→ **Your objective**: Type out the lines below exactly, from the first through the line holding "Nuvo Envoltura Techo", and include no pictures.

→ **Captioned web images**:
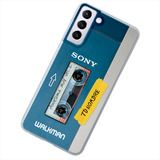 Funda Para Galaxy Guardianes Galaxia Walkman Personalizado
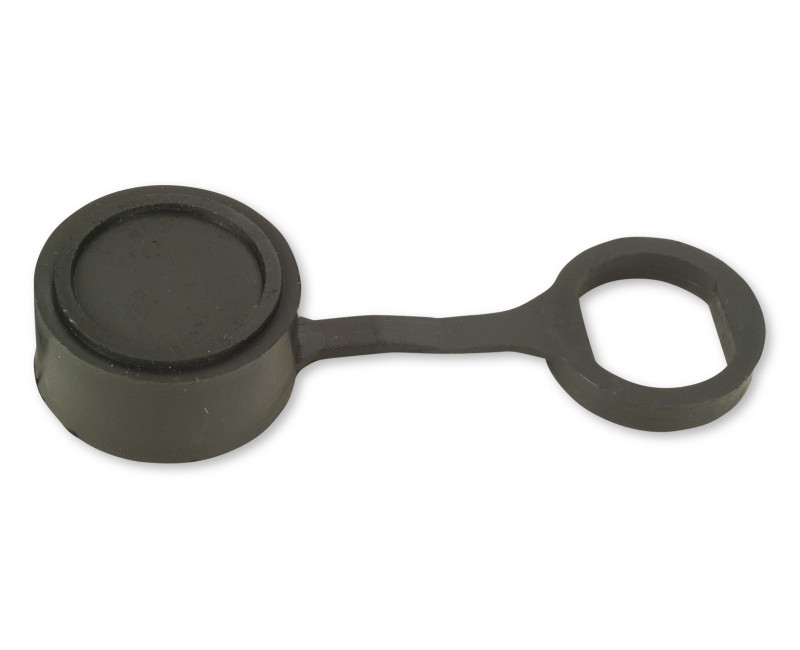 CAPUCHON EN PLASTIQUE - MAIN D ATTELAGE AVONRIDE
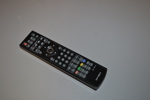 TV. DMTECH LED26DTB-B, 26 tum.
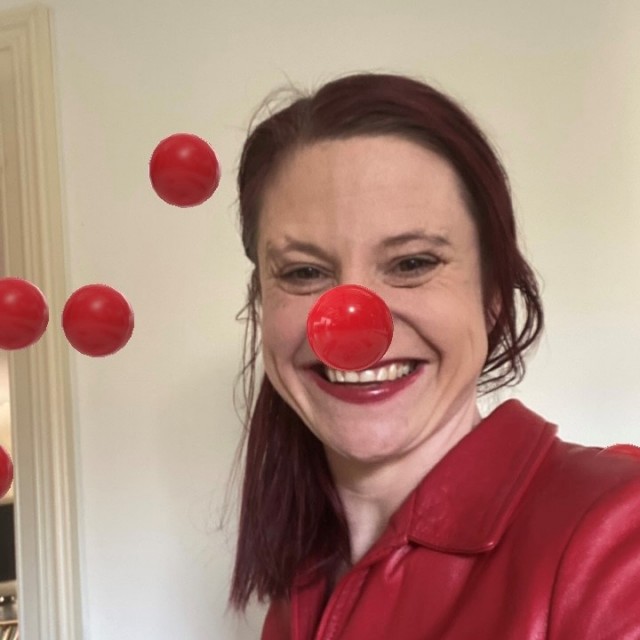 Help Red Nose By Being A Clothing Collection Champion Red Nose Australia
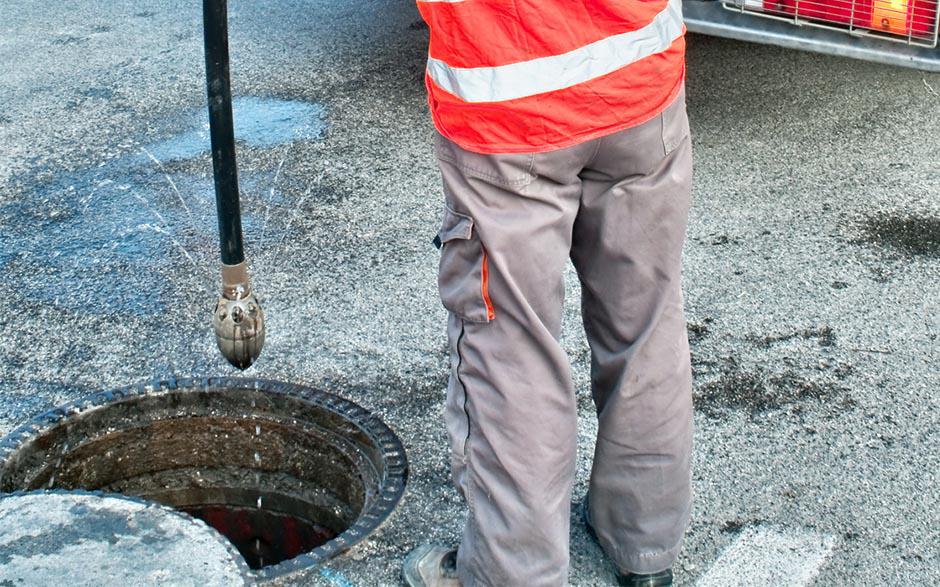 tarif plombier débouchage canalisation Le Port-Marly
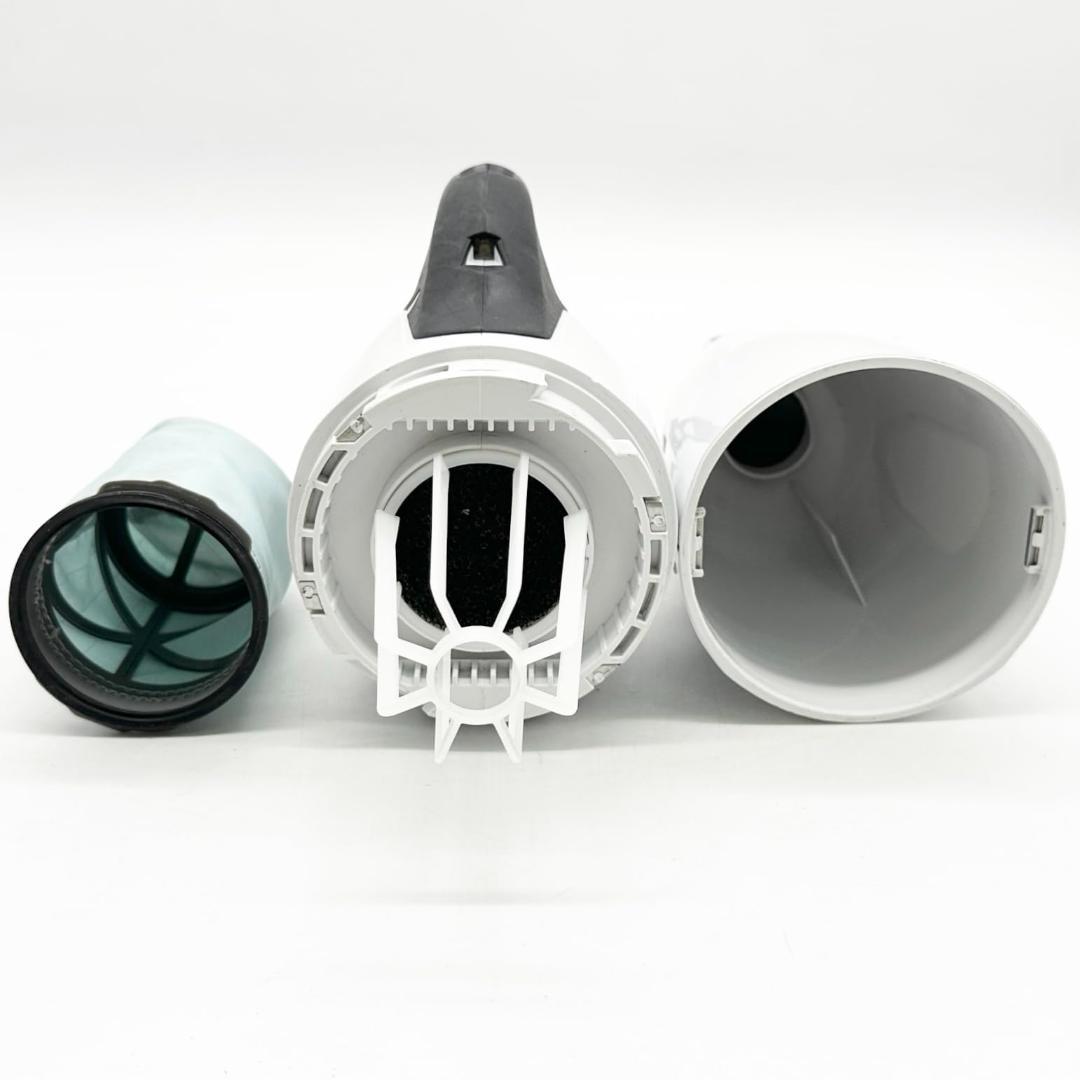 マキタ CL281FD 充電式クリーナー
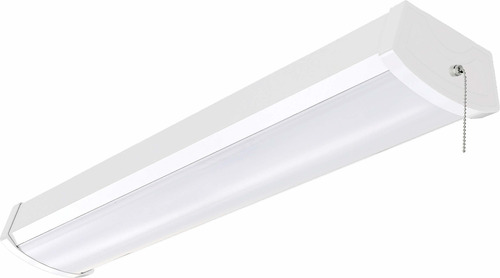 Nuvo Envoltura Techo Led 65 1091 Color Blanco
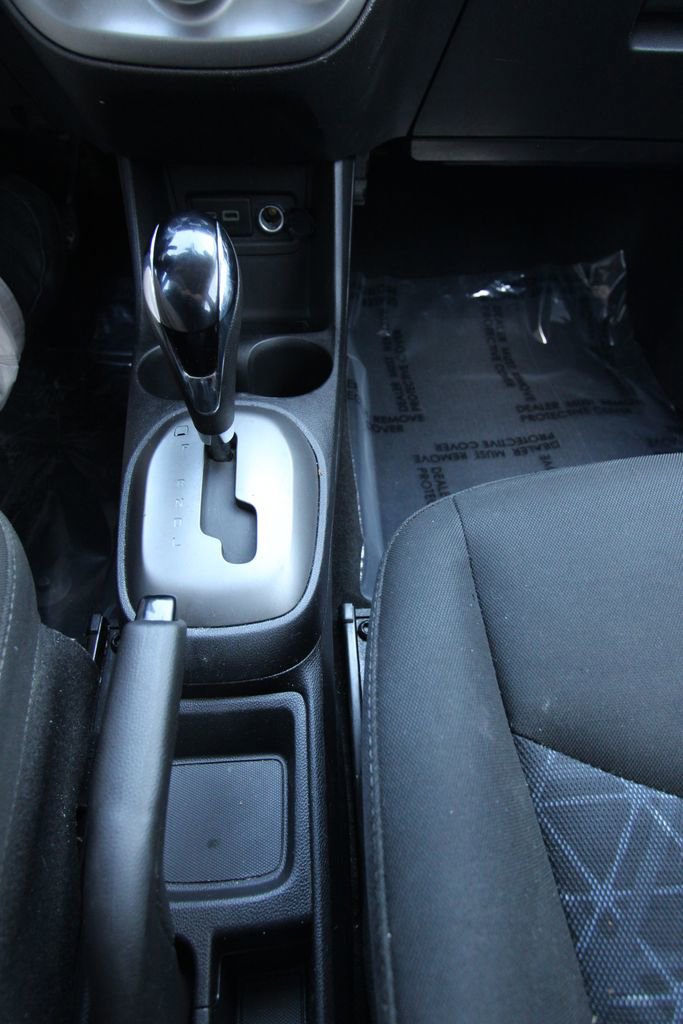 Used 2021 Chevrolet Spark LS image 20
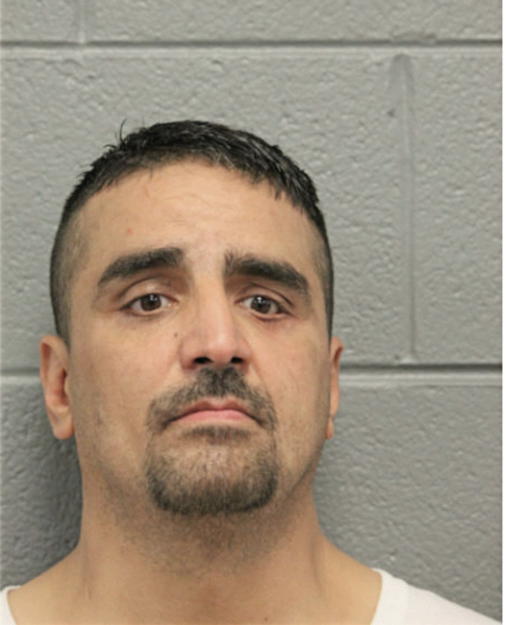 MICHAEL CHAWN CARLISLE, Cook County, Illinois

→ **Final answer**:
 Funda Para Galaxy Guardianes Galaxia Walkman Personalizado
 CAPUCHON EN PLASTIQUE - MAIN D ATTELAGE AVONRIDE
 TV. DMTECH LED26DTB-B, 26 tum.
 Help Red Nose By Being A Clothing Collection Champion Red Nose Australia
 tarif plombier débouchage canalisation Le Port-Marly
 マキタ CL281FD 充電式クリーナー
 Nuvo Envoltura Techo Led 65 1091 Color Blanco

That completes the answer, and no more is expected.